Switched off my other phone for the night. [I couldn’t handle anymore.]
This has been a tough year.
I got bullied out of a job and had to figure out what to do next.
Dad has brain cancer which caused a ton of turmoil and is still like a ticking time bomb.
His twin died and I essentially directed the funeral.
We renovated the whole basement with a toddler running around.
Then
Then I travel out of town to support my brother and end up getting screamed at and blamed for it (by him). I missed waking up with my sweet kid for his birthday because I wanted to support Kevin. My stomach hurts thinking about how I wasn’t there on his birthday but he was with Gaga Ellie having the best time. I also feel SO guilty for not expressing my concerns about the way James treated Brandon. It wrecks me to think that James could have caused him so much pain.

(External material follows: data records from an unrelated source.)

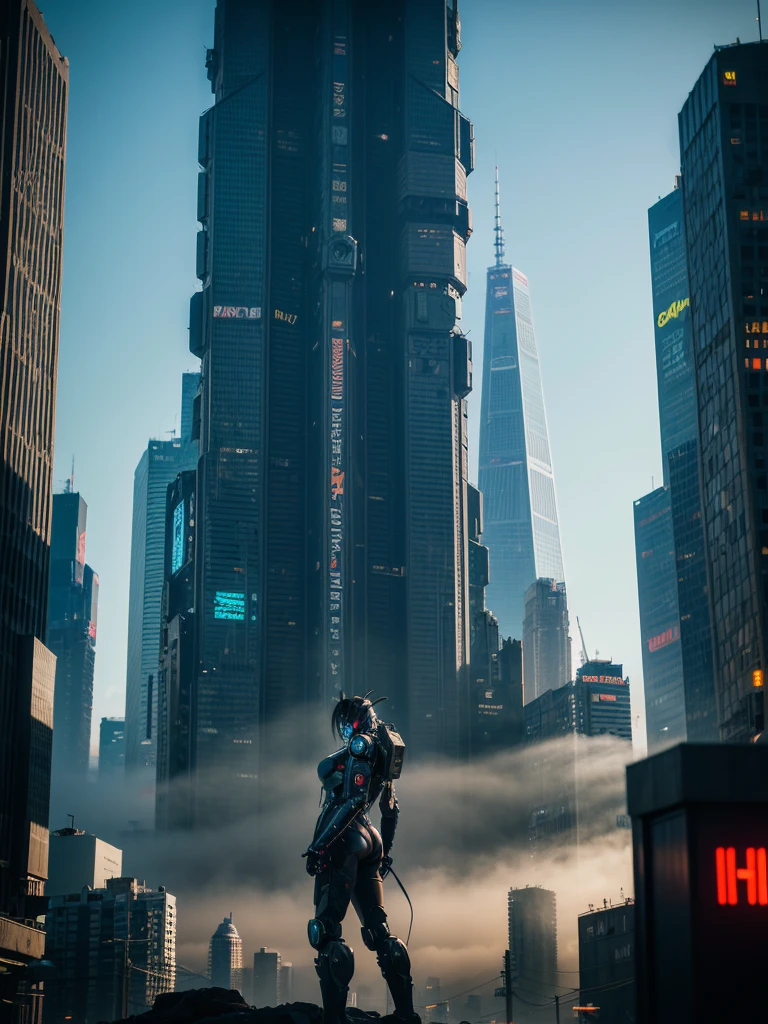 a close up of a large robot in a city with buildings, giant mech, deep cyberpunk mechanoid, advanced digital cyberpunk art, giant robot mech, robot city ruins, anime mecha aesthetic, cyberpunk dark fantasy art, hq 4k phone wallpaper, cyberpunk mechanoid, sci-fi digital art, epic fantasy sci fi illustration, cinematic 4k wallpaper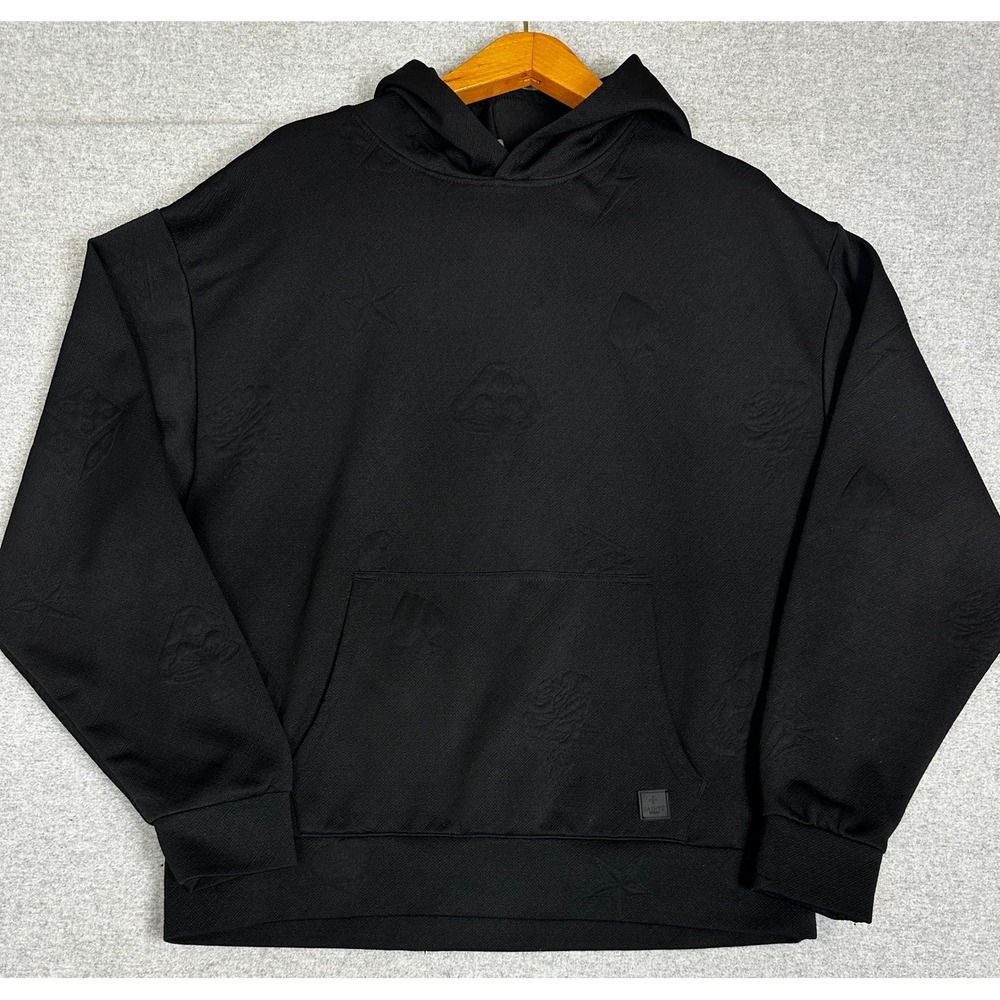 Saints Studio Jacquard Hoodie Mens XL Black Embossed Mushroom Spade Yin Yang
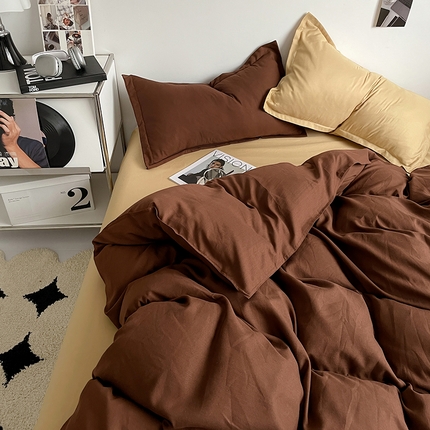 贝拉梦2023新款个性撞色混搭亲肤棉四件套 椰蓉布朗尼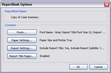 ReportBook Options dialog box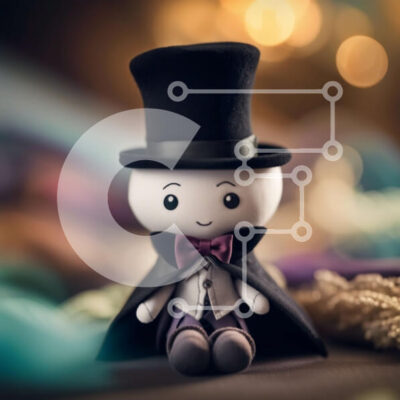 Intra Συλλεκτικό Ξύλινο Παζλ Plywood  4mm - Χαριτωμένη φωτογραφία ενός αρκουδάκι με καπέλο και παπιγιόν Σε Ξύλινο Κουτί - Διαστάσεις Puzzle: 10x10 cm – 25 κομμάτια - Image 1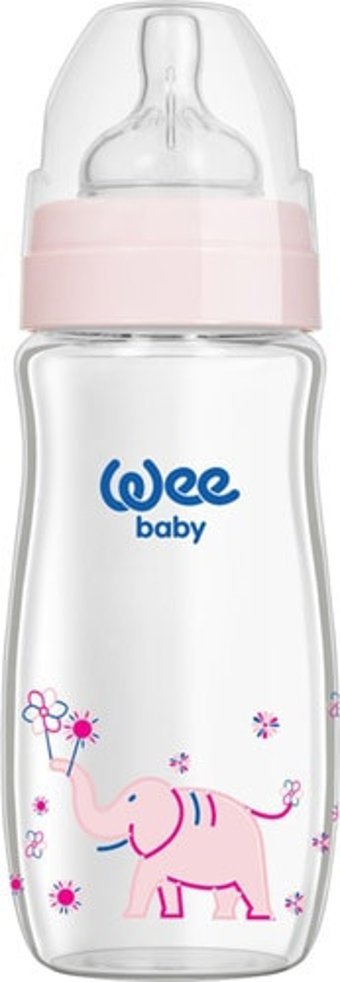 Wee Baby 141 Cam Yenidoğan Yavaş Akışlı Kulpsuz 0-6 Ay Desenli Pembe Yuvarlak Uçlu Bebek Biberon 280 ml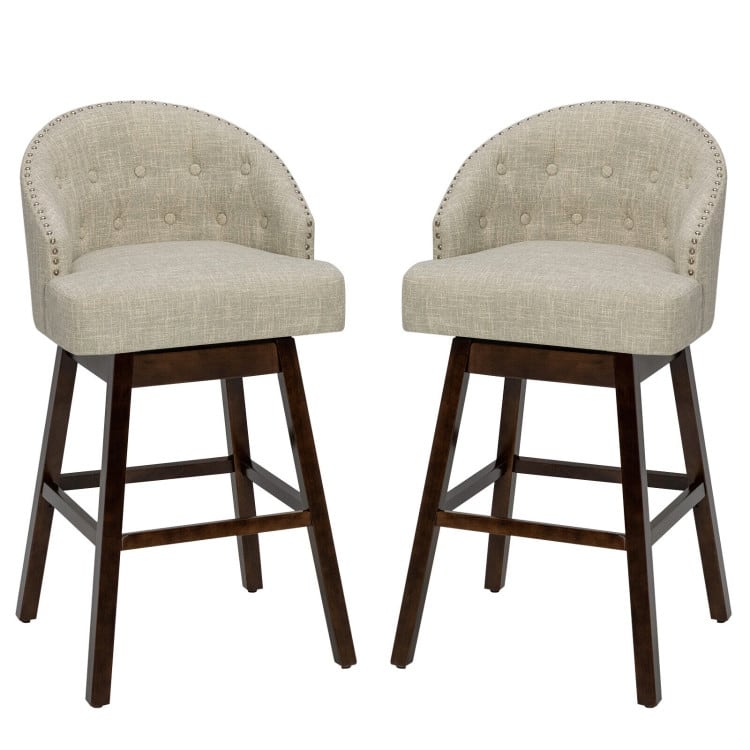 Set of 2 Swivel Bar Stools Tufted Bar Height Pub Chairs with Rubber Wood Legs - 21.5" x 21" x 41.5" (L x W x H)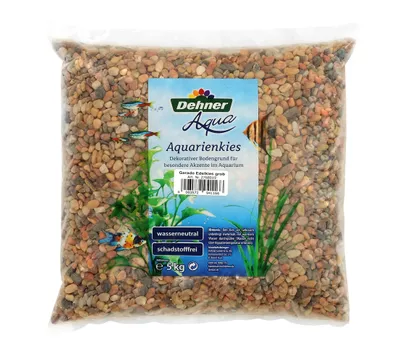 Produktbild von Dehner Aqua Aquarienkies, Edelkies, Körnung 6 - 8 mm, 5 kg, braun/grau
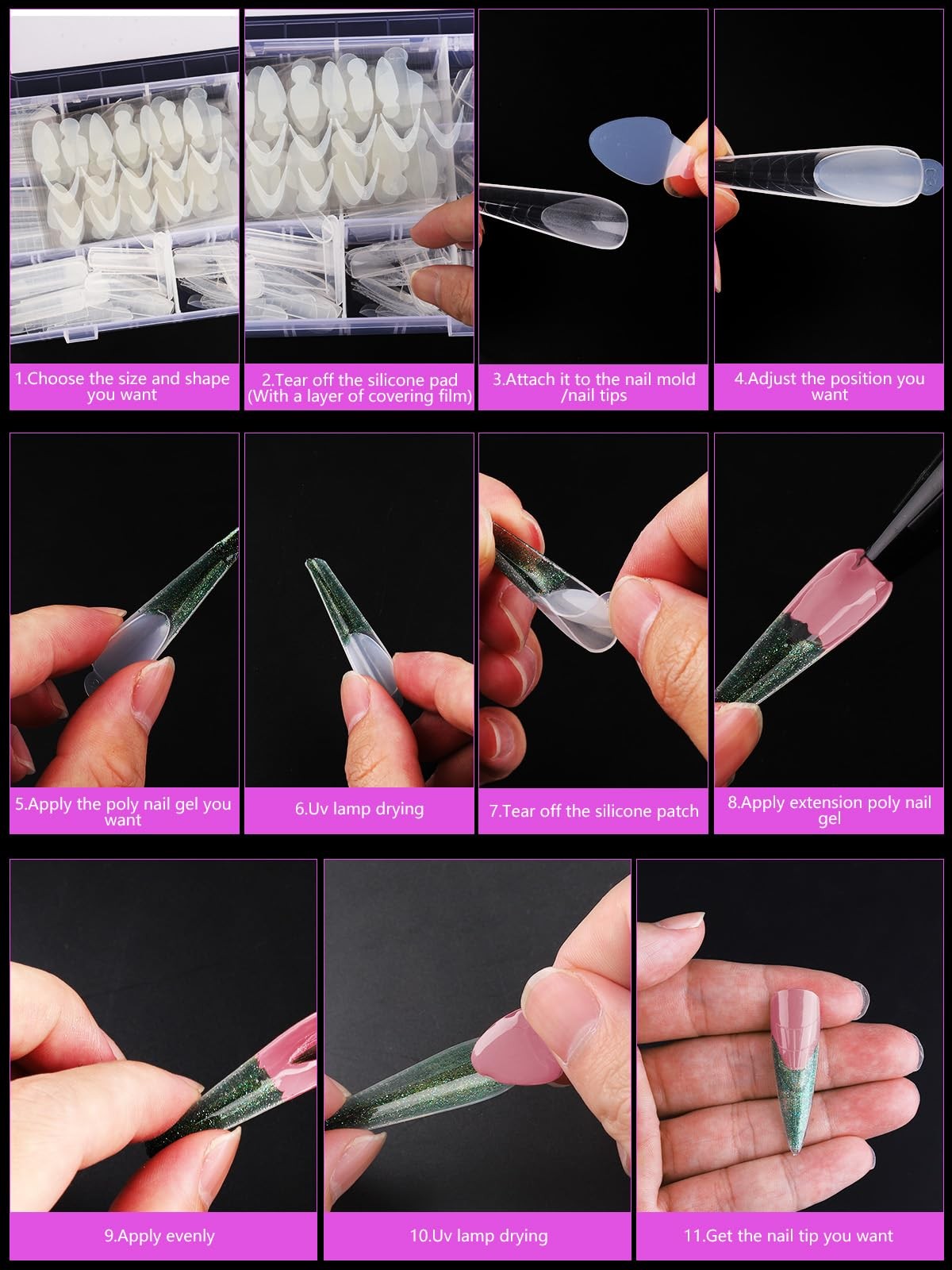 EBANKU French Nail Forms, 144 PCS Silicone Tip Stickers for Dual Clear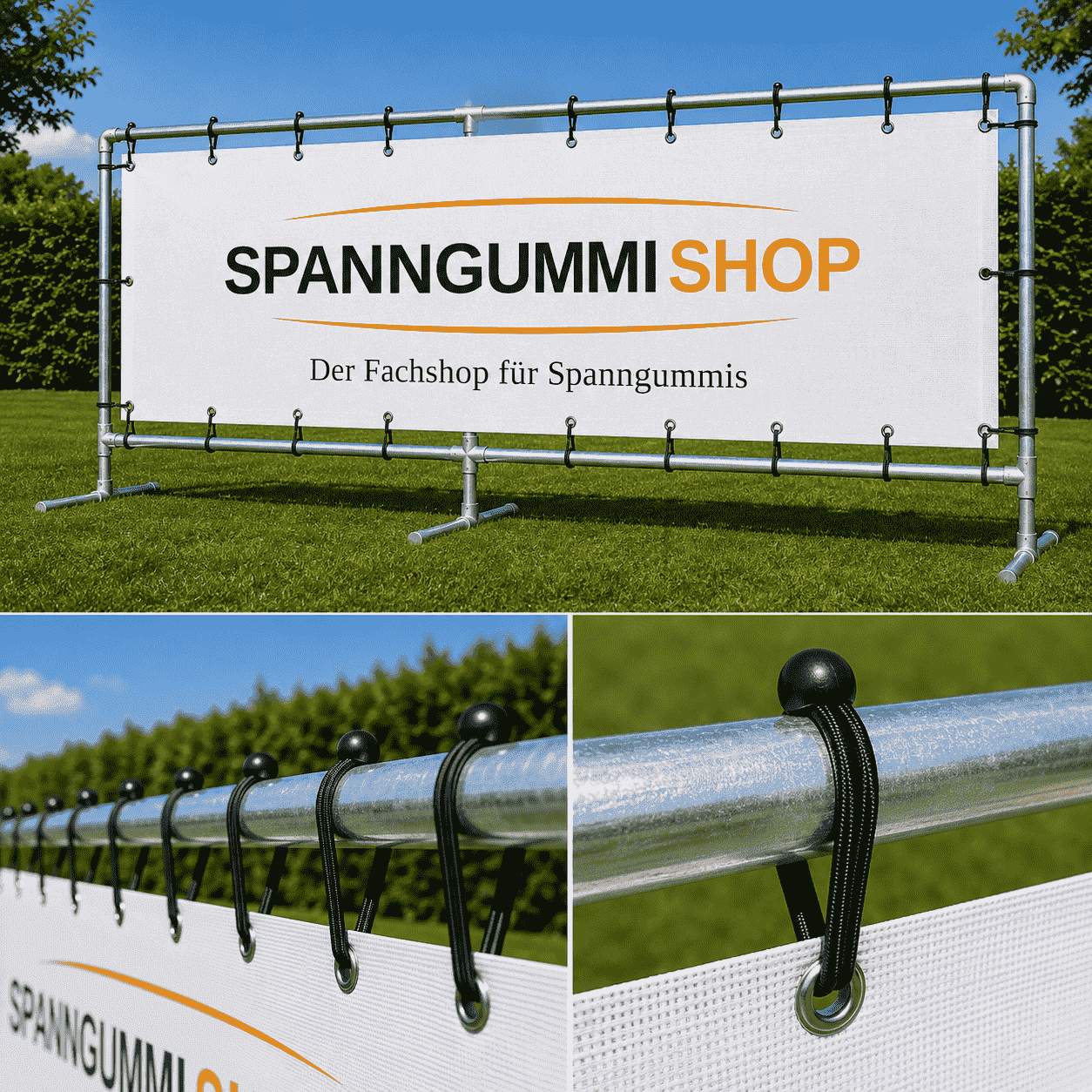 Schwarzes Gummiseil spannt ein weißes Banner an einer Ösenreihe – im Gebrauch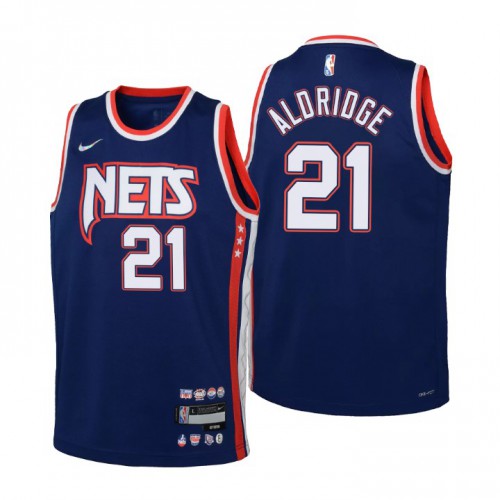 Brooklyn Brooklyn Nets #21 Lamarcus Aldridge Youth Nike Navy 2021/22 Swingman Jersey – City Edition Youth->youth nba jersey->Youth Jersey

My Feelings are Reasonable
I think it’s reasonable for me to cry hysterically on occasion.
Yes, James is going through a hard time. I am as well. Please let me cry when I need to.
I think when I asked about how James was doing I was looking for a status on his mania. I’ve been waiting for someone to tell me he’s doing better and that it’s safe to talk to him.
So Twisted
I don’t know how things have gotten twisted so that you want to tell me to give James a break. I think about him all the time and miss him. I have one of the quilts he gave me in my preschool with the dolls.
I want him to get better.
It just might take some time.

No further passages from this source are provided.